Now that Yoon has been captured in that epic ending sequence, the question remains of whether he committed all these crimes, or if Ga-young was his first victim, and CEO Park is the work of another villain. If it’s not a red herring, Chairman Lee’s phone call at the end was to Yoon, which makes me wonder what their connection is: If Yoon was truly taking revenge for his child’s death, why would he join hands with the chairman? Was CEO Park their common enemy? Or am I completely off, and that call was to Secretary Woo, leaving for his (suspicious) business trip? In some ways, Chairman Lee is the most terrifying character in this drama, because he’s cold like a snake, ruthlessly efficient at eliminating any obstacles in his path to power, and he can do it all with a pleasant smile.

On the other hand, Chief Secretary Lee and Yeon-jae grow more sympathetic by the week. I’d assumed it was a political marriage for her, but now I can see her love and care for him, even if their relationship is fraught with the tensions of their social position, and her father’s demands.
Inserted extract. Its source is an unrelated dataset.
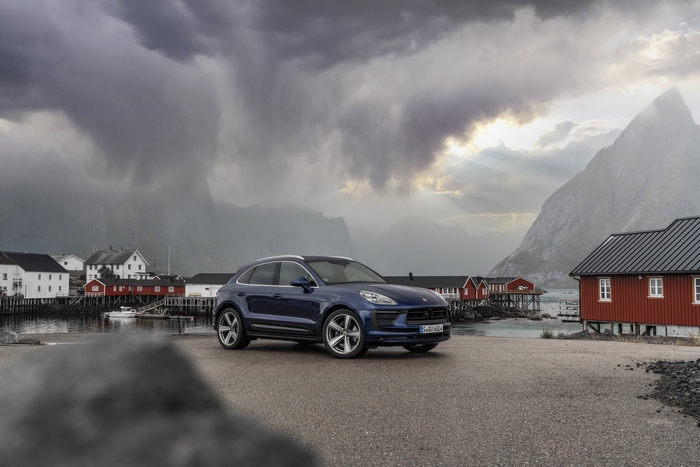 Blue Porsche Macan SUV in a dramatic mountain village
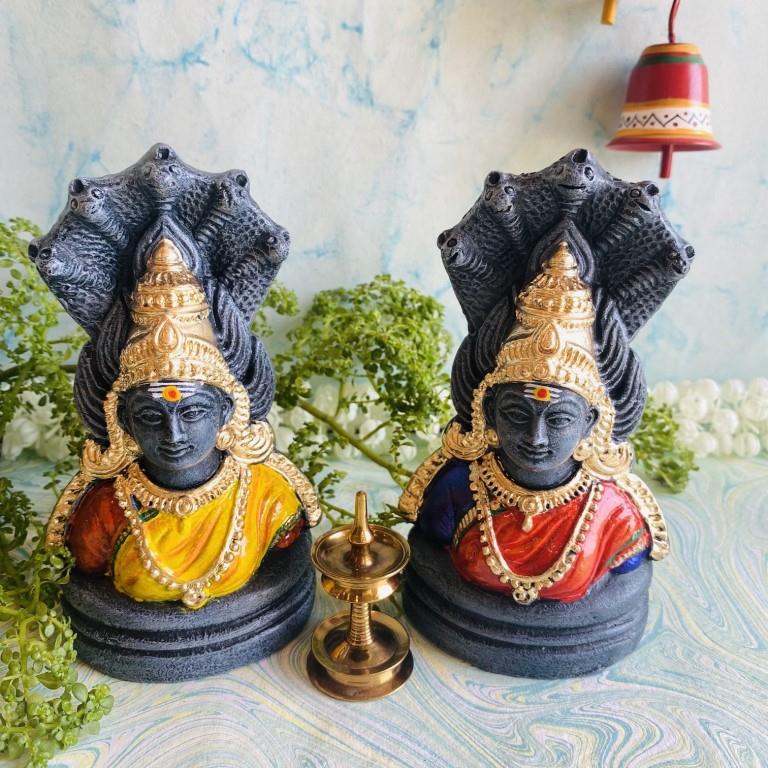 Handcrafted Amman Bust Idol set with a stone finish and vibrant color accents, featuring traditional gold ornaments and cobra hoods for Navaratri Golu.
Chief Secretary Lee’s affection for Yeon-jae has been clear from the beginning; though he’s willingly sunk deeper into his father-in-law’s corrupt schemes, in a twisted way, it’s sweet that he did it all for Yeon-jae.

It seems that he’s decided that he can no longer ignore the dictates of his conscience, however, and is preparing to cut ties with both the chairman and Yeon-jae, even though it will mean leaving the wife he sacrificed his youth, his profession, and his morals for. It’s tragic in a way, but Chief Secretary Lee seems weary, and somehow softer than he did at the beginning of the show—he’s even being kind to Dong-jae now. I’d love to see a redemption arc for him, but it would have to include an accounting for all the crimes he’s committed throughout the years, and not a simple escape. If part of that atonement is giving Shi-mok the ammunition he needs to take down Chairman Lee, so much the better. One more week (sob!) and we’ll know all the answers.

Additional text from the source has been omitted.